A physics-guided neural network model to evaluate anisotropic compressive strength of 3D printed concrete
摘要
Extrusion-based 3D Concrete Printing (3DCP) offers transformative potential for the construction industry, yet its widespread adoption is hindered by mechanical anisotropy and the lack of tools to accurately predict material performance in design. This research addresses this critical gap by developing and validating a novel Physics-Guided Neural Network (PGNN) framework capable of producing reliable and interpretable anisotropic strength predictions. The PGNN combines a physics-based branch, which models compressive strength as a function of age and water-to-binder ratio (W/B) via a modified Abram’s Law, with a shallow neural network branch that captures residual nonlinear effects from loading orientation and mix design. Training and validation were performed on the largest and most comprehensive international dataset available, generated through the RILEM TC-304 ADC interlaboratory study. The PGNN demonstrated high predictive accuracy on unseen RILEM test datasets (R2 = 0.86–0.89).
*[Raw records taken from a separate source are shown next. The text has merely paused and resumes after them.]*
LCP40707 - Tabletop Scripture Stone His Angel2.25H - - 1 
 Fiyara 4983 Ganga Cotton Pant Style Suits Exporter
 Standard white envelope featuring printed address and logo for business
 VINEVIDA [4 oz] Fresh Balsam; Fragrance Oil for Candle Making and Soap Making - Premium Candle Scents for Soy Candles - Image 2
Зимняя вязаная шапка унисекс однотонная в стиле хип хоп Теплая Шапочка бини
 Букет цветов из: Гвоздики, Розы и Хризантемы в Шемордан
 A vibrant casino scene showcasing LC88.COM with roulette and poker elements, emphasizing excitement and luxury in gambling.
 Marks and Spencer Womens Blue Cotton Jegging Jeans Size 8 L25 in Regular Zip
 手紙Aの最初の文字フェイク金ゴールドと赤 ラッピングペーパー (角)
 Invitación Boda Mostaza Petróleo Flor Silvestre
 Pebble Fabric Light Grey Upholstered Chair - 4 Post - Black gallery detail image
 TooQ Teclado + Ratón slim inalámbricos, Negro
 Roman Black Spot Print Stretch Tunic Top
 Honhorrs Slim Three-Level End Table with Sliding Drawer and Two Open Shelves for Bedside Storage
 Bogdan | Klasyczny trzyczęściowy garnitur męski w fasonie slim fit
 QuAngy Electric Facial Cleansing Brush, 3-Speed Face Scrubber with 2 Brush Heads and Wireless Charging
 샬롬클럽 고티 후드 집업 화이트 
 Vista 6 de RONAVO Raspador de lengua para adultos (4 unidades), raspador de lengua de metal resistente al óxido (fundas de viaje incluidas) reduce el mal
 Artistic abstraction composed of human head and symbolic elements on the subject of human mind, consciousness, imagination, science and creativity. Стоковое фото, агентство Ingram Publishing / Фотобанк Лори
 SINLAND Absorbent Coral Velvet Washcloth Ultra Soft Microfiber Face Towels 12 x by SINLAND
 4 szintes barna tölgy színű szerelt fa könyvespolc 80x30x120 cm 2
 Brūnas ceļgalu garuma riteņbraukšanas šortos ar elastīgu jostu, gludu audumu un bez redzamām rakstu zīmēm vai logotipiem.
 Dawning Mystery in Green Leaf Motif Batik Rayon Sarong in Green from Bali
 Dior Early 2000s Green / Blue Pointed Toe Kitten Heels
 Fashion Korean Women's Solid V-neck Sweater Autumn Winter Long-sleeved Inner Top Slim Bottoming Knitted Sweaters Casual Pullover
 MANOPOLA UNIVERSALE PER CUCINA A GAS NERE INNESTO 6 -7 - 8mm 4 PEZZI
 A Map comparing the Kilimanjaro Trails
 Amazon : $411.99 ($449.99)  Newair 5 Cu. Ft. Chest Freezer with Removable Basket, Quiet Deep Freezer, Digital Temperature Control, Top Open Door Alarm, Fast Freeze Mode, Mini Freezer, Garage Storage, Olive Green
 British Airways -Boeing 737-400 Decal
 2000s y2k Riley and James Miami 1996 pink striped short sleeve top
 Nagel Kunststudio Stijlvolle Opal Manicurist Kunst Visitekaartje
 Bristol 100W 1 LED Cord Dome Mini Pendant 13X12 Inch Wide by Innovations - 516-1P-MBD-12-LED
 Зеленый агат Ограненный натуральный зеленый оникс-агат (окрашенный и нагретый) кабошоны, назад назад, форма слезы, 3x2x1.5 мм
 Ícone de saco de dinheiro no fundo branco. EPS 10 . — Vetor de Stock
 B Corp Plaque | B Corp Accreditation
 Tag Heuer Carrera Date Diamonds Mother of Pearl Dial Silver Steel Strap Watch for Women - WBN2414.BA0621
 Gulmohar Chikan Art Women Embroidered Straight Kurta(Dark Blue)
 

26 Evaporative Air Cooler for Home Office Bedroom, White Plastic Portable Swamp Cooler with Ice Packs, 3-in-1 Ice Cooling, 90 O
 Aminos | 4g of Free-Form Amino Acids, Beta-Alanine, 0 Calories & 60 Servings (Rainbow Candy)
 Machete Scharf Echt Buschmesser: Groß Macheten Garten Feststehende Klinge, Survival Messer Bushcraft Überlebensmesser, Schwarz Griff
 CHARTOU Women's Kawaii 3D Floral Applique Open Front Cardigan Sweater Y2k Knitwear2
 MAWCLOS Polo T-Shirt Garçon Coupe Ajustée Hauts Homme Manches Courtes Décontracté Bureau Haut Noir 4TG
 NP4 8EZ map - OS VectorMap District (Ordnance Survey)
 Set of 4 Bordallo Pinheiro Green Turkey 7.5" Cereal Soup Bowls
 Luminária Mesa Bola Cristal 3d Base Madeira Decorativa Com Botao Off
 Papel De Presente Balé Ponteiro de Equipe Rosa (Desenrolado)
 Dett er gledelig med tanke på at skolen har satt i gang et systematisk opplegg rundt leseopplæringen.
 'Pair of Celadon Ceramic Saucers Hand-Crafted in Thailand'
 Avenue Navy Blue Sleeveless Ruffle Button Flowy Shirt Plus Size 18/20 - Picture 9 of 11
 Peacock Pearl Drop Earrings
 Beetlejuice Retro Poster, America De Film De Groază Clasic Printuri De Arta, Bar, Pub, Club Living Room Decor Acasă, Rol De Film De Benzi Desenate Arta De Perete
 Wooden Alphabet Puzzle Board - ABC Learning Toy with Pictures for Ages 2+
In addition, the model was applied to six external datasets in a blind test which confirmed reasonable generalisation for typical printing mortars within the compositional range of the training dataset, but was less conclusive for atypical mix designs such as ultra-high-performance and steel-fibre-reinforced composites. The framework yields a transparent formulation, making the relationship between variables and predicted strength directly understandable and allows the application of response surface analyses to gain insight into the influence of mix design variables such as aggregate size, aggregate-to-binder ratio, and W/B on anisotropy. The presented work provides a positive outlook for the transformative potential of physics-guided machine learning in 3D concrete printing to underpin reliable deployment of 3DCP technologies.